Malcolm Starkey

Personal information
- Full name: Malcolm John Starkey
- Date of birth: 25 January 1936 (age 90)
- Place of birth: Bulwell, England
- Position: Inside forward; full back;

Team information
- Current team: Shrewsbury Town (president)

Senior career*
- Years: Team / Apps / (Gls)
- 1954–1959: Blackpool / 3 / (0)
- 1959–1963: Shrewsbury Town / 121 / (33)
- 1963–1967: Chester / 109 / (1)

= Malcolm Starkey =

English footballer

Malcolm Starkey (born 25 January 1936) is an English former professional footballer. He played in The Football League with Blackpool, Shrewsbury Town and Chester and later worked as secretary at Shrewsbury.

==Playing career==
Starkey began his career at Blackpool as an inside forward, making three appearances before a move to Shrewsbury Town led to him playing regularly in attack alongside the prolific Arthur Rowley.

In April 1963, Starkey dropped into Football League Division Four with Chester, where he would soon be converted into a full back by new manager Peter Hauser. His spell at Chester would see him not miss a league game in 1964–65 but his career was to finish prematurely early in the 1966–67 season when he suffered a serious illness.
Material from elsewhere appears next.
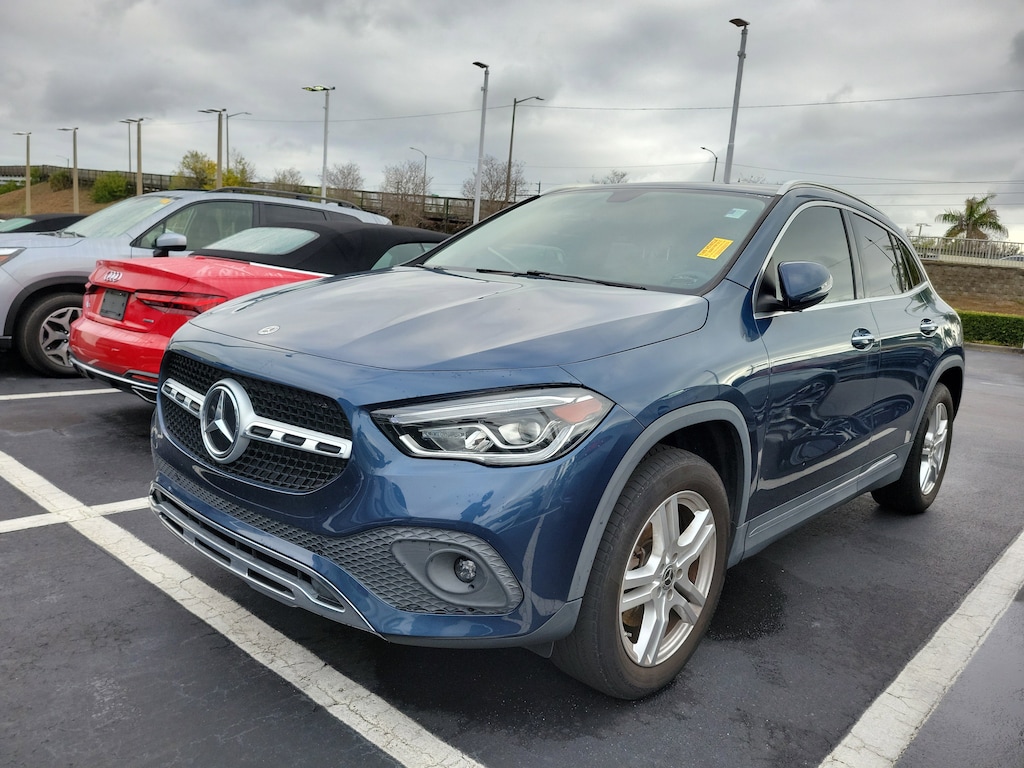Used 2023 Mercedes-Benz GLA GLA 250 SUV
After retiring from playing, Starkey set up a sports shop in Shrewsbury with Dave Pountney and became a coach at his former club Shrewsbury Town. It was the start of a long stint with the club, which included long spells as both secretary and a director of the club. He was rewarded for his loyalty with a testimonial match between Shrewsbury and Aston Villa in May 2002.